● Your objective: Beneath this sentence is a listing. Return its lines from the one containing "Wallace & Gromit: Vengeance" through the last, exactly, and omit the pictures.

● Provided material:
──────────────────────────────

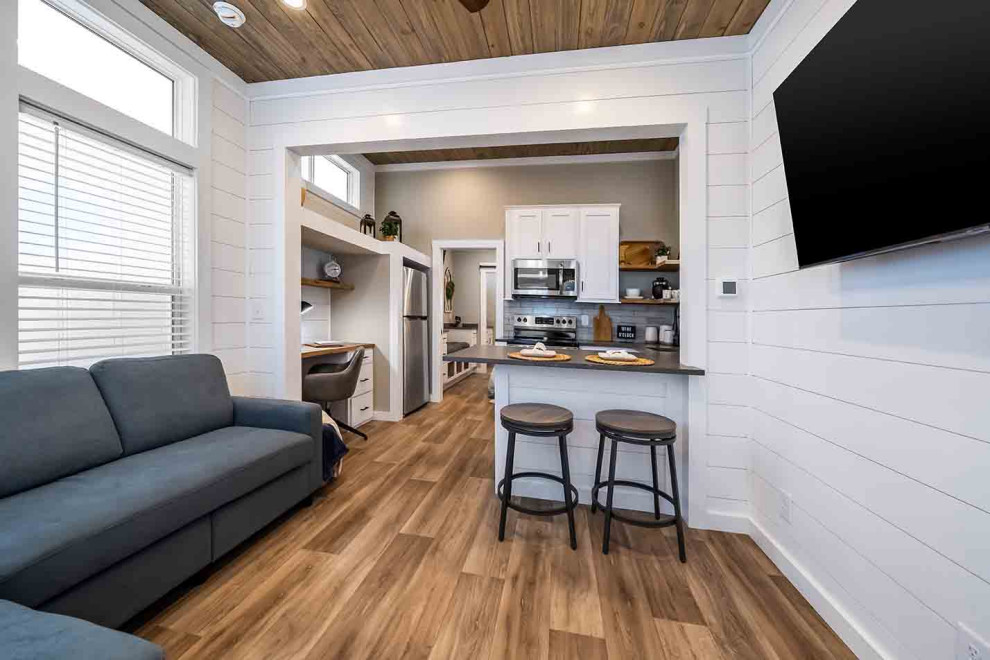 Tiny Home - Clayton Park Models - The Cheaha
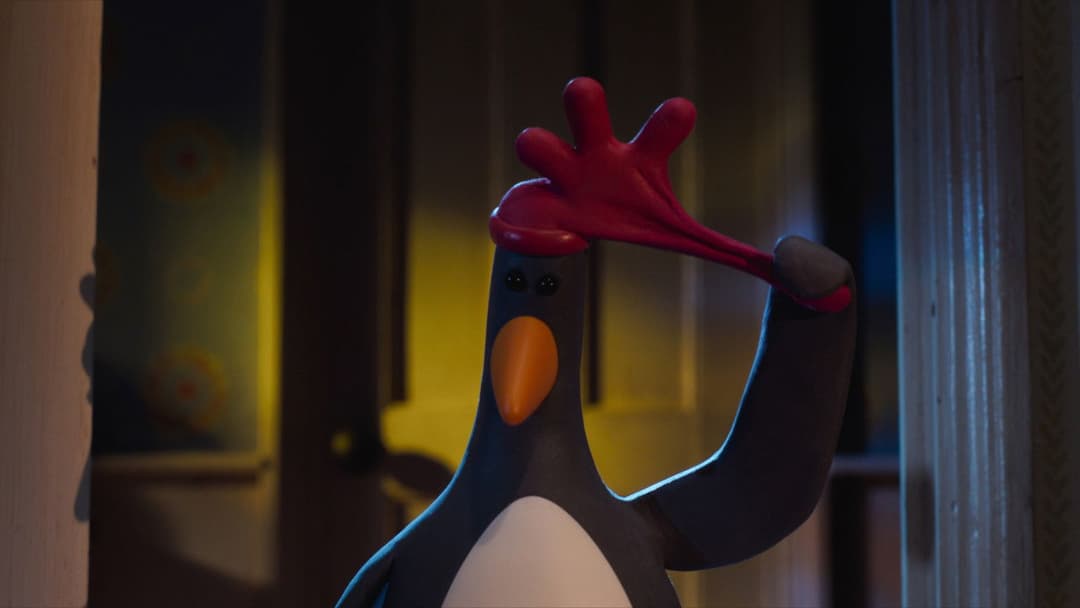 Wallace & Gromit: Vengeance Most Fowl backdrop 3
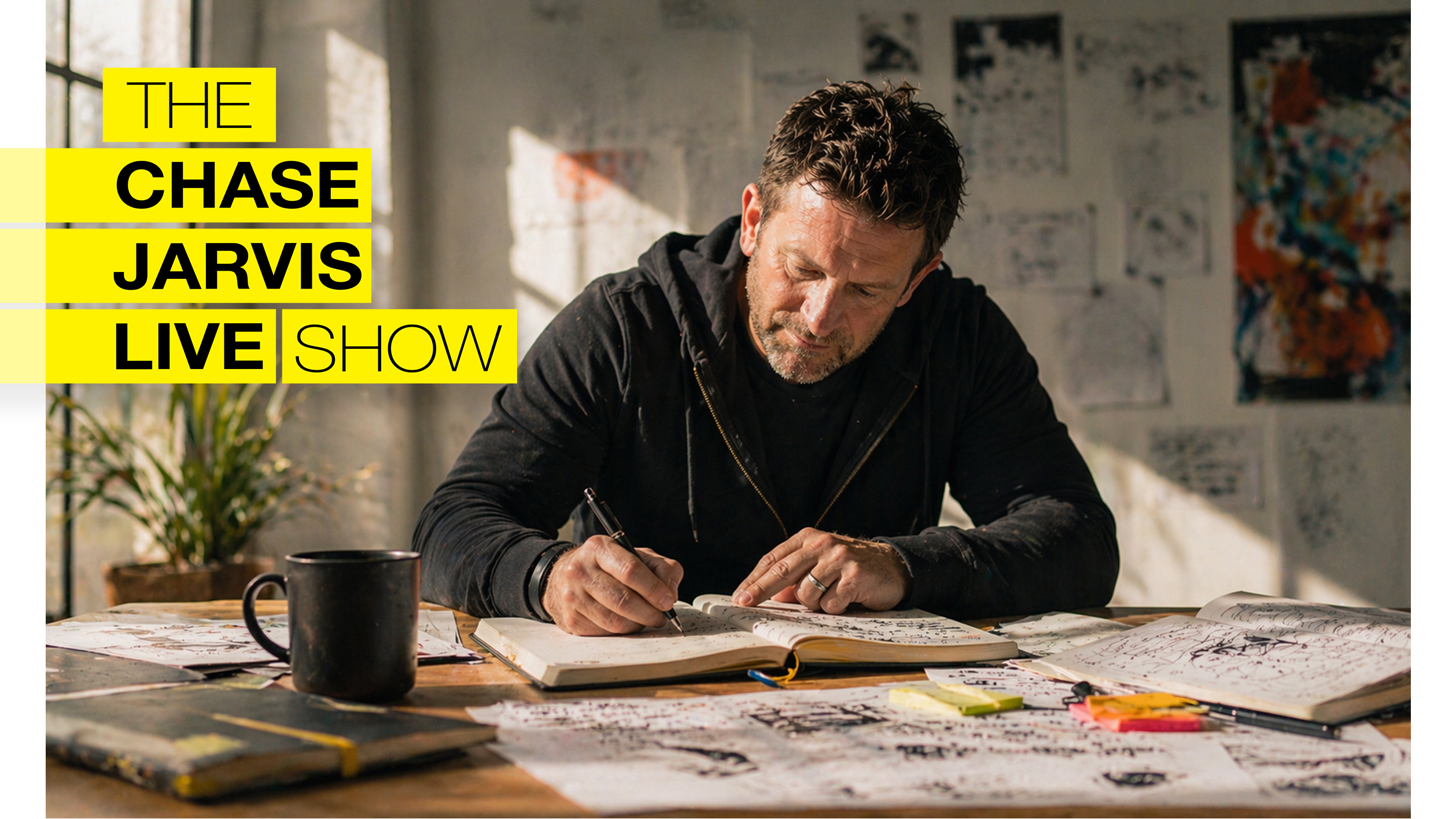 Don’t Wait for Inspiration | Chase Jarvis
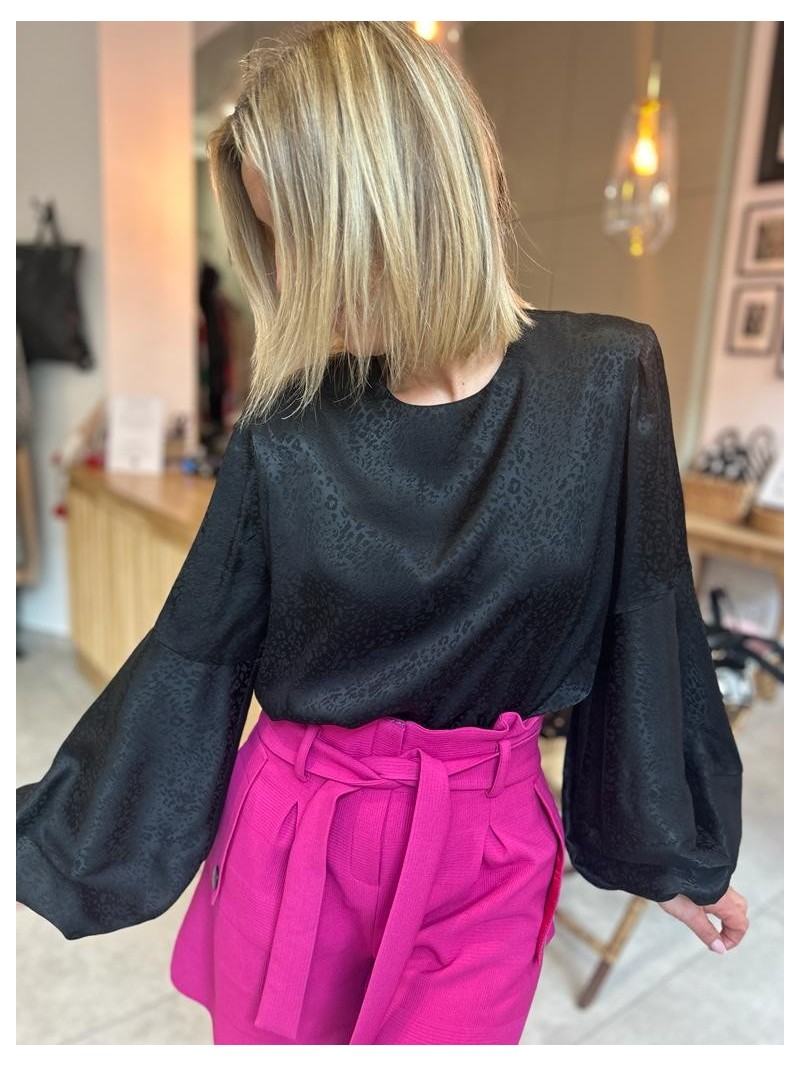 Miniatura produktu Spodenki Paris Magenta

──────────────────────────────

● Written response:
 Wallace & Gromit: Vengeance Most Fowl backdrop 3
 Don’t Wait for Inspiration | Chase Jarvis
 Miniatura produktu Spodenki Paris Magenta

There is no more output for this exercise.